===== Data records
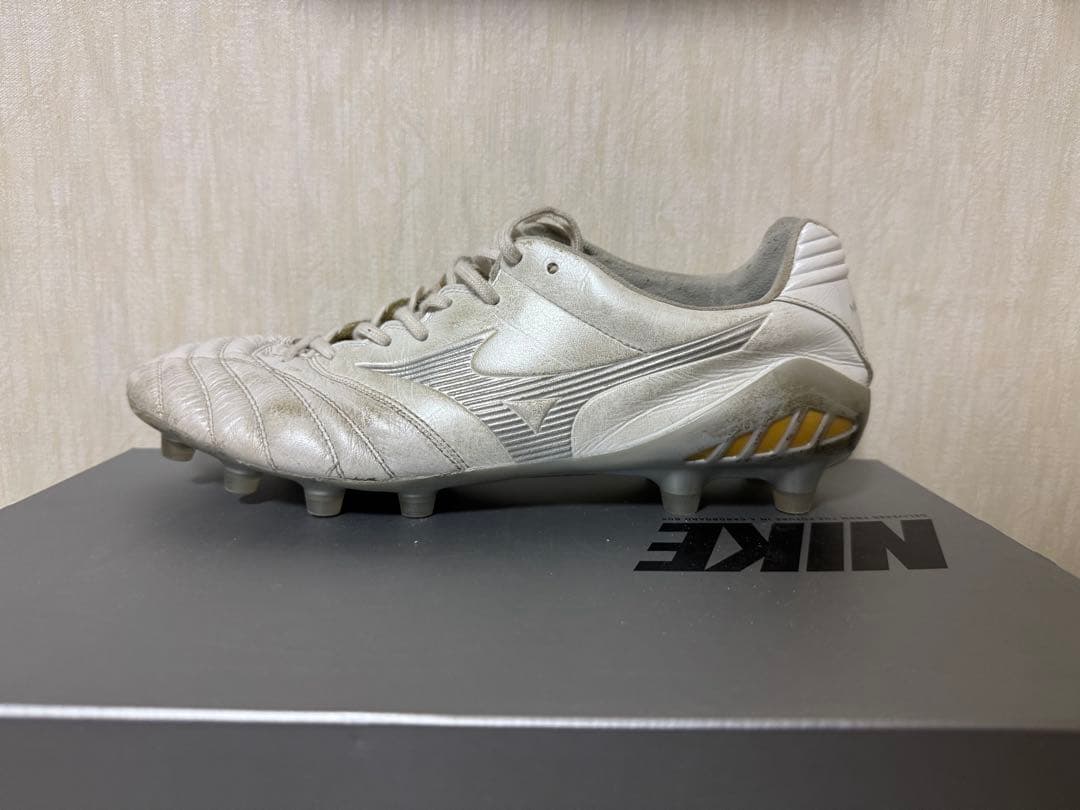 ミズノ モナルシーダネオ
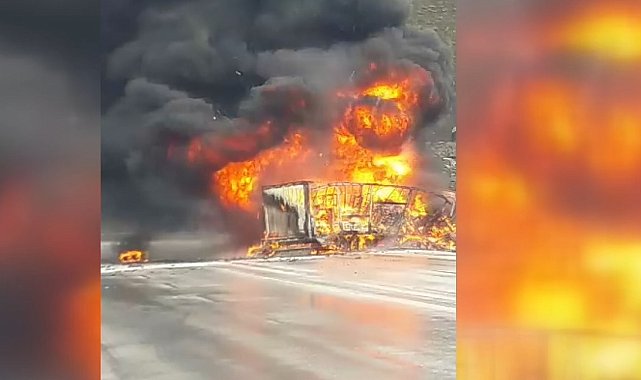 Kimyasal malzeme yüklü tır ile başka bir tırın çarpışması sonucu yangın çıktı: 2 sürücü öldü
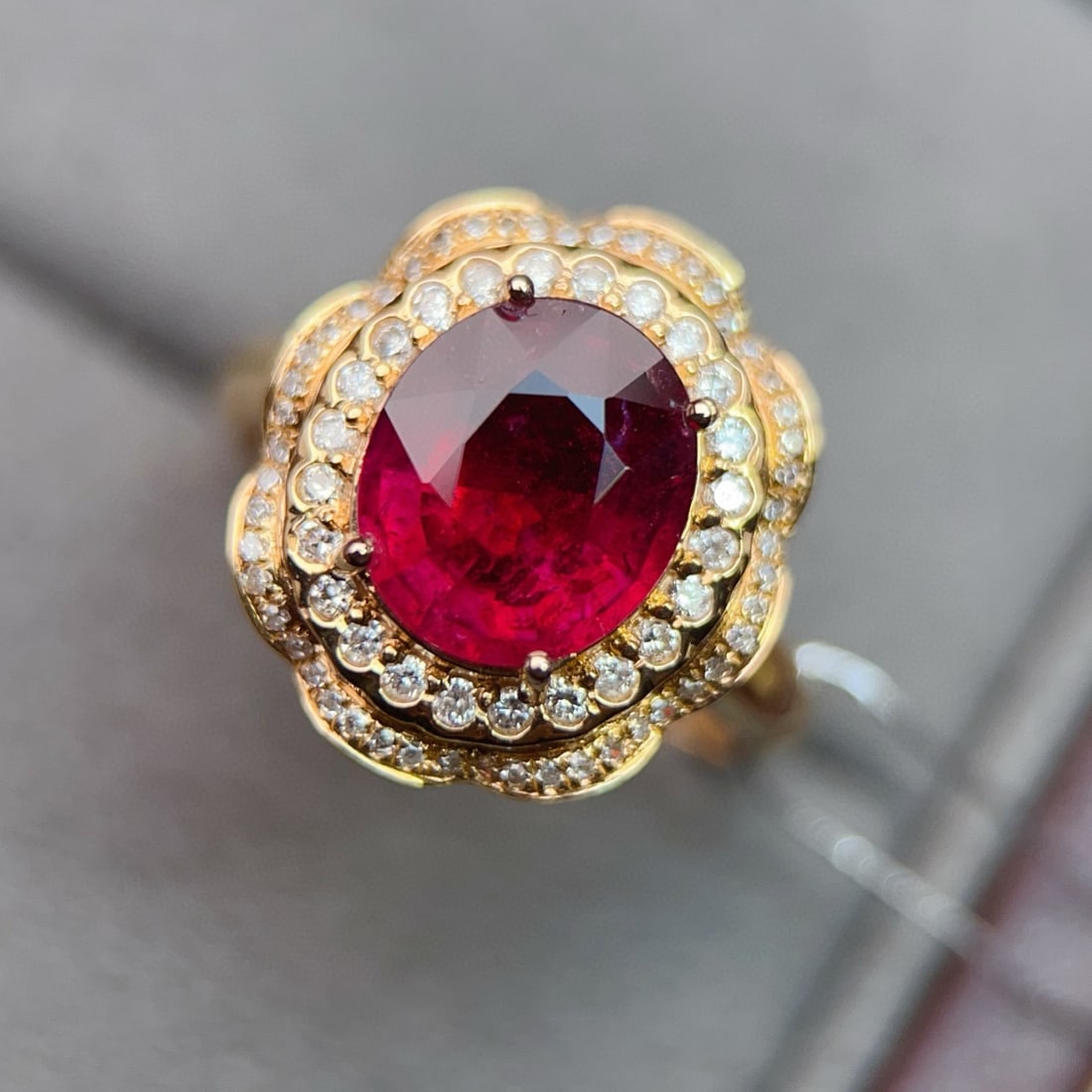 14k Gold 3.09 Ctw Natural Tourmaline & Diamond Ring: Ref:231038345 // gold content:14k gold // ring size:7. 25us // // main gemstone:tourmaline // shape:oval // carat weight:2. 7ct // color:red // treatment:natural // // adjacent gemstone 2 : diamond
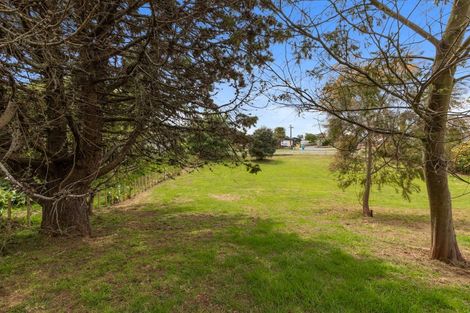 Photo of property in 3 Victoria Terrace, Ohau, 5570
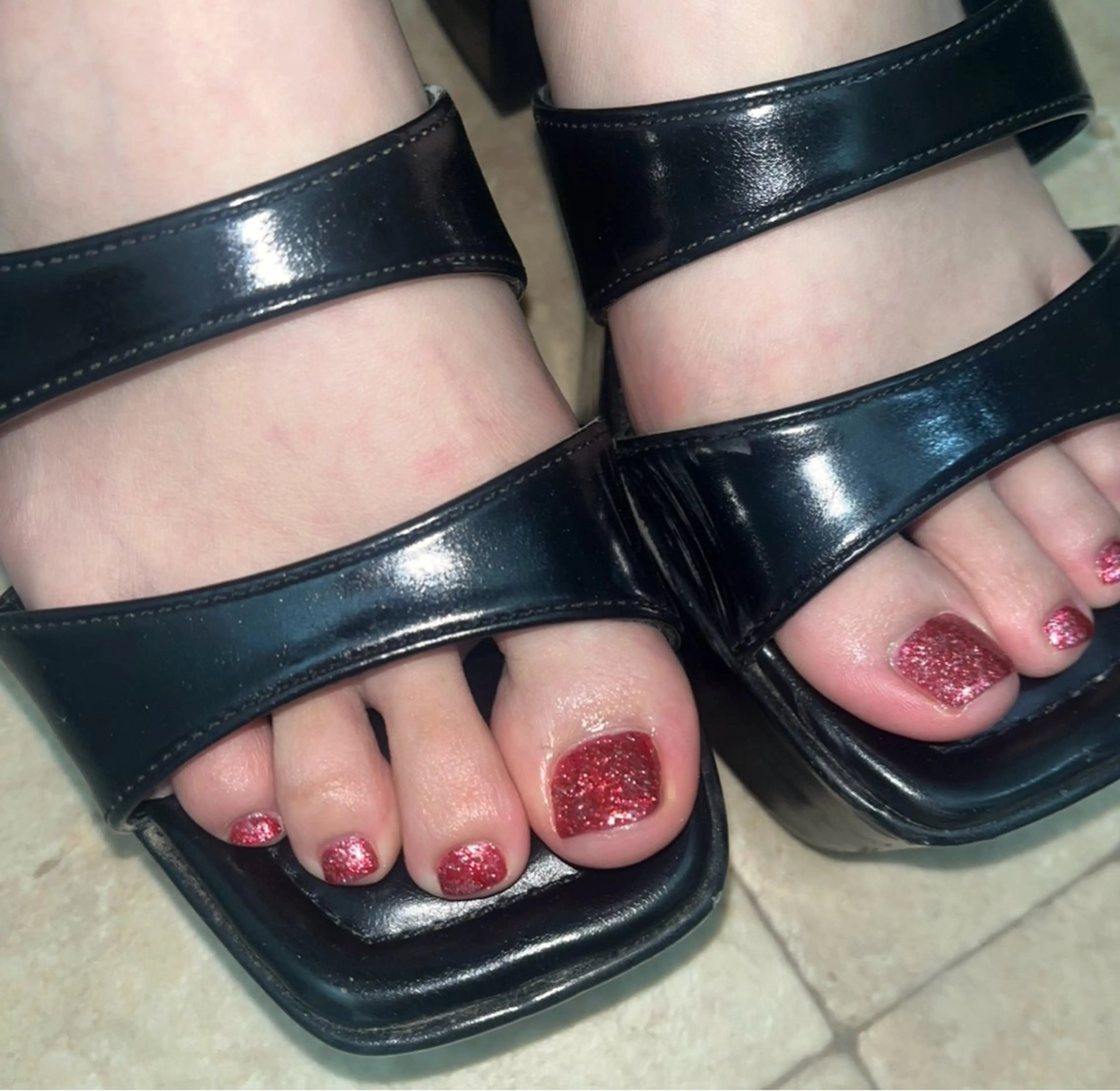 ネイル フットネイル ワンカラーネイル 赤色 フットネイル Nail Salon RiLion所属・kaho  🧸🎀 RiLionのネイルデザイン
==========
> **About this task**
Your answer must be the lines from the one containing "14k Gold 3.09" through the last line of the records, both included, written out exactly and without pictures.

> **Exercise solution**
 14k Gold 3.09 Ctw Natural Tourmaline & Diamond Ring: Ref:231038345 // gold content:14k gold // ring size:7. 25us // // main gemstone:tourmaline // shape:oval // carat weight:2. 7ct // color:red // treatment:natural // // adjacent gemstone 2 : diamond
 Photo of property in 3 Victoria Terrace, Ohau, 5570
 ネイル フットネイル ワンカラーネイル 赤色 フットネイル Nail Salon RiLion所属・kaho  🧸🎀 RiLionのネイルデザイン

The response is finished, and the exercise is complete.